#### Given records

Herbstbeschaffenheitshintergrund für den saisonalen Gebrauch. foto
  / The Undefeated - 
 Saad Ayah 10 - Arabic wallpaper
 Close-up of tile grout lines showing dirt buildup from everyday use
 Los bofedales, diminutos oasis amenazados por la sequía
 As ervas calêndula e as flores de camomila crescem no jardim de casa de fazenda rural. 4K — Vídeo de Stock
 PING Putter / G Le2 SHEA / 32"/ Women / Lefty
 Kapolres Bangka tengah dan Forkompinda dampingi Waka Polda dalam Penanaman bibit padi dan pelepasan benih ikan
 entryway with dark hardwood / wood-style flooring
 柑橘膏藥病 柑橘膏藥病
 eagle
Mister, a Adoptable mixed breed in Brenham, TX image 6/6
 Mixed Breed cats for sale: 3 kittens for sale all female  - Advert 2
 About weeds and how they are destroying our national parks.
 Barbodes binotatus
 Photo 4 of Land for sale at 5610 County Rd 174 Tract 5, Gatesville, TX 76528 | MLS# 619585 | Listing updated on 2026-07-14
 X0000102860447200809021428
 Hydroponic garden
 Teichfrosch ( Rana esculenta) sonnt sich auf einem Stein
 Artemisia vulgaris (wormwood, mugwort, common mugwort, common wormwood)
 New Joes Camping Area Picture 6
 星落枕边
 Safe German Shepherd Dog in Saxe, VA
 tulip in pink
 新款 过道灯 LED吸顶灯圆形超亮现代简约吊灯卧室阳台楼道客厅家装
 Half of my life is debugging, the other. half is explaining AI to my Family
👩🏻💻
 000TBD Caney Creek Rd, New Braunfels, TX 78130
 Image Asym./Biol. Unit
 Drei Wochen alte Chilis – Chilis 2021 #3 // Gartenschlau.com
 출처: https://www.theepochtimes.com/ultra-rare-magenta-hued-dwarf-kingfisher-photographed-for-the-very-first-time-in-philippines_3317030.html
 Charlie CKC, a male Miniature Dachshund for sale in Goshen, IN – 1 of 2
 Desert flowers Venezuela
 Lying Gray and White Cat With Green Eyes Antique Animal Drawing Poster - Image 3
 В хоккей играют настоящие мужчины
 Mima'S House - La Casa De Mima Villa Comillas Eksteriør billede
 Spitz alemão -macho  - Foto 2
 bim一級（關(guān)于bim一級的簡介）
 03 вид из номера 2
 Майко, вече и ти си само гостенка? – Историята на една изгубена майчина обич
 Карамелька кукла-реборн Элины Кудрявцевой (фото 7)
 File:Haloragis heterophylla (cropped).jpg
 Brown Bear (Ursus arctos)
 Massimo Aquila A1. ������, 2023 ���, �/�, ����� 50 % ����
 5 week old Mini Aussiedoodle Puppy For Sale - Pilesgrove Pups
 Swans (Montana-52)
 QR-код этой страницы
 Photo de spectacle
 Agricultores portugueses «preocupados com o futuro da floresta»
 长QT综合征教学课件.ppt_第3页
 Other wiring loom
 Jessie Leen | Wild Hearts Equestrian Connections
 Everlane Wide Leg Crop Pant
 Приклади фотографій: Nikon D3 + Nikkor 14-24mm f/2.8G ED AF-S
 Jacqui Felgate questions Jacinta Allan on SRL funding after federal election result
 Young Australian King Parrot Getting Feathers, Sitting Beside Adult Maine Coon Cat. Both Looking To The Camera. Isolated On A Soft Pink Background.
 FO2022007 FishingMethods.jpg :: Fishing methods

########

Each record must be returned in full and exactly.

Herbstbeschaffenheitshintergrund für den saisonalen Gebrauch. foto
  / The Undefeated - 
 Saad Ayah 10 - Arabic wallpaper
 Close-up of tile grout lines showing dirt buildup from everyday use
 Los bofedales, diminutos oasis amenazados por la sequía
 As ervas calêndula e as flores de camomila crescem no jardim de casa de fazenda rural. 4K — Vídeo de Stock
 PING Putter / G Le2 SHEA / 32"/ Women / Lefty
 Kapolres Bangka tengah dan Forkompinda dampingi Waka Polda dalam Penanaman bibit padi dan pelepasan benih ikan
 entryway with dark hardwood / wood-style flooring
 柑橘膏藥病 柑橘膏藥病
 eagle
Mister, a Adoptable mixed breed in Brenham, TX image 6/6
 Mixed Breed cats for sale: 3 kittens for sale all female  - Advert 2
 About weeds and how they are destroying our national parks.
 Barbodes binotatus
 Photo 4 of Land for sale at 5610 County Rd 174 Tract 5, Gatesville, TX 76528 | MLS# 619585 | Listing updated on 2026-07-14
 X0000102860447200809021428
 Hydroponic garden
 Teichfrosch ( Rana esculenta) sonnt sich auf einem Stein
 Artemisia vulgaris (wormwood, mugwort, common mugwort, common wormwood)
 New Joes Camping Area Picture 6
 星落枕边
 Safe German Shepherd Dog in Saxe, VA
 tulip in pink
 新款 过道灯 LED吸顶灯圆形超亮现代简约吊灯卧室阳台楼道客厅家装
 Half of my life is debugging, the other. half is explaining AI to my Family
👩🏻💻
 000TBD Caney Creek Rd, New Braunfels, TX 78130
 Image Asym./Biol. Unit
 Drei Wochen alte Chilis – Chilis 2021 #3 // Gartenschlau.com
 출처: https://www.theepochtimes.com/ultra-rare-magenta-hued-dwarf-kingfisher-photographed-for-the-very-first-time-in-philippines_3317030.html
 Charlie CKC, a male Miniature Dachshund for sale in Goshen, IN – 1 of 2
 Desert flowers Venezuela
 Lying Gray and White Cat With Green Eyes Antique Animal Drawing Poster - Image 3
 В хоккей играют настоящие мужчины
 Mima'S House - La Casa De Mima Villa Comillas Eksteriør billede
 Spitz alemão -macho  - Foto 2
 bim一級（關(guān)于bim一級的簡介）
 03 вид из номера 2
 Майко, вече и ти си само гостенка? – Историята на една изгубена майчина обич
 Карамелька кукла-реборн Элины Кудрявцевой (фото 7)
 File:Haloragis heterophylla (cropped).jpg
 Brown Bear (Ursus arctos)
 Massimo Aquila A1. ������, 2023 ���, �/�, ����� 50 % ����
 5 week old Mini Aussiedoodle Puppy For Sale - Pilesgrove Pups
 Swans (Montana-52)
 QR-код этой страницы
 Photo de spectacle
 Agricultores portugueses «preocupados com o futuro da floresta»
 长QT综合征教学课件.ppt_第3页
 Other wiring loom
 Jessie Leen | Wild Hearts Equestrian Connections
 Everlane Wide Leg Crop Pant
 Приклади фотографій: Nikon D3 + Nikkor 14-24mm f/2.8G ED AF-S
 Jacqui Felgate questions Jacinta Allan on SRL funding after federal election result
 Young Australian King Parrot Getting Feathers, Sitting Beside Adult Maine Coon Cat. Both Looking To The Camera. Isolated On A Soft Pink Background.
 FO2022007 FishingMethods.jpg :: Fishing methods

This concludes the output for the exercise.